▼▼▼

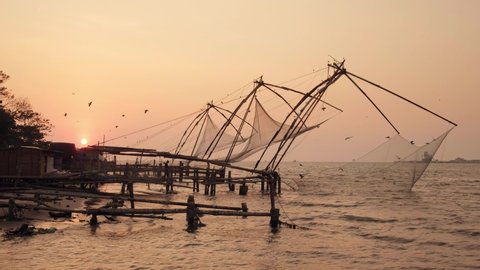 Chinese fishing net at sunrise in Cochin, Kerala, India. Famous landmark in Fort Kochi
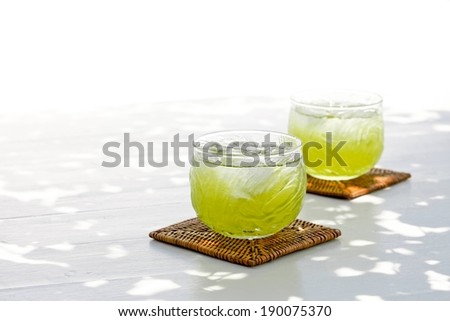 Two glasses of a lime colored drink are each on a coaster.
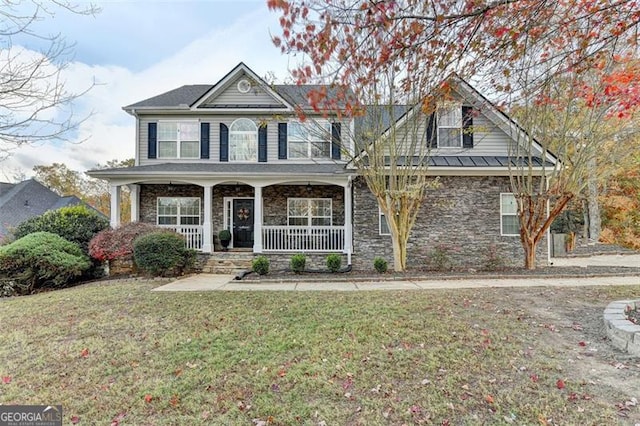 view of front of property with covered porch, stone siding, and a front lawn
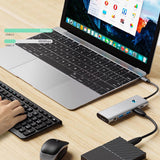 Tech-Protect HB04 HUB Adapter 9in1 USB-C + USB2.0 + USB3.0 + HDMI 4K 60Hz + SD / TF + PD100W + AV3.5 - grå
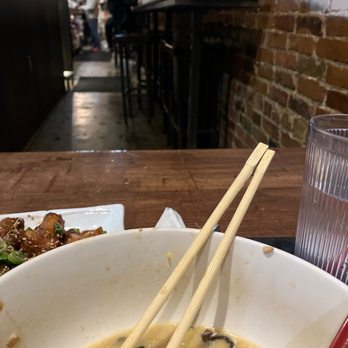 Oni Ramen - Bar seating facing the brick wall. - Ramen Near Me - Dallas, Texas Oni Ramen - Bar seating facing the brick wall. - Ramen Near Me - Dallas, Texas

▲▲▲
▼▼▼

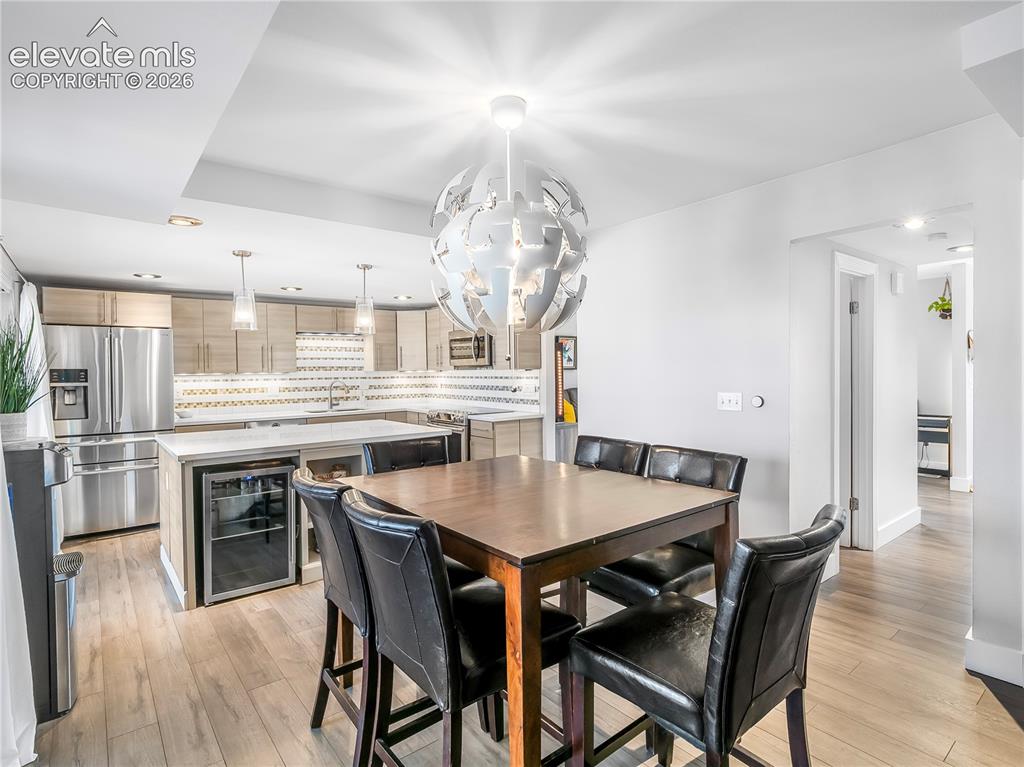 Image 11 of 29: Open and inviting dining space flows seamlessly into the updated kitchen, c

▲▲▲
▼▼▼

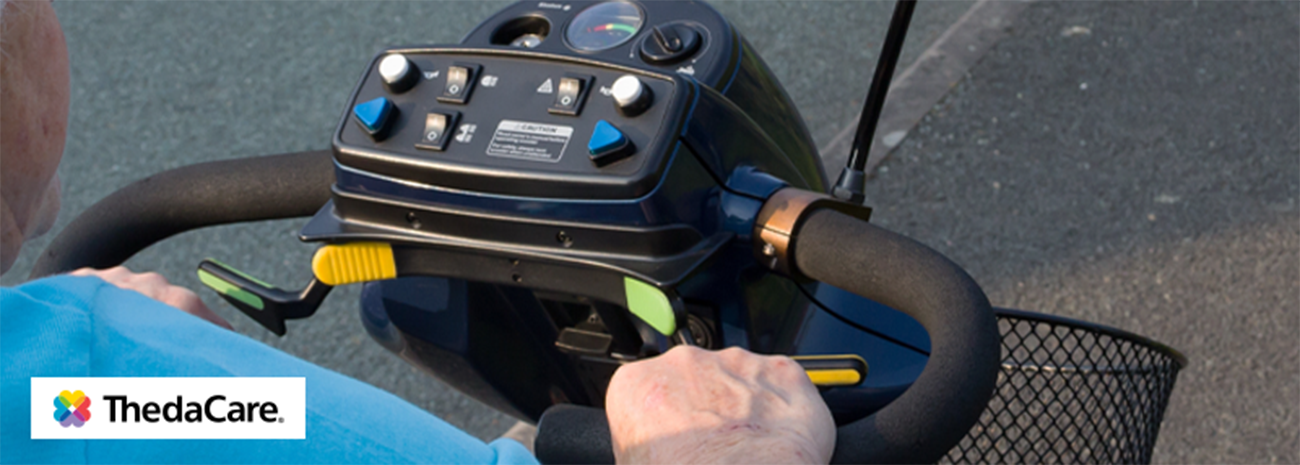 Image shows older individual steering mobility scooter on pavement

▲▲▲

■ TASK DIRECTIONS ■
Your copy should hold the lines from the one with "view of front" up to and including the one with "Dallas, Texas Oni", exactly as in the data above, and no pictures.

■ ANSWER BELOW ■
 view of front of property with covered porch, stone siding, and a front lawn
 Tech-Protect HB04 HUB Adapter 9in1 USB-C + USB2.0 + USB3.0 + HDMI 4K 60Hz + SD / TF + PD100W + AV3.5 - grå
 Oni Ramen - Bar seating facing the brick wall. - Ramen Near Me - Dallas, Texas Oni Ramen - Bar seating facing the brick wall. - Ramen Near Me - Dallas, Texas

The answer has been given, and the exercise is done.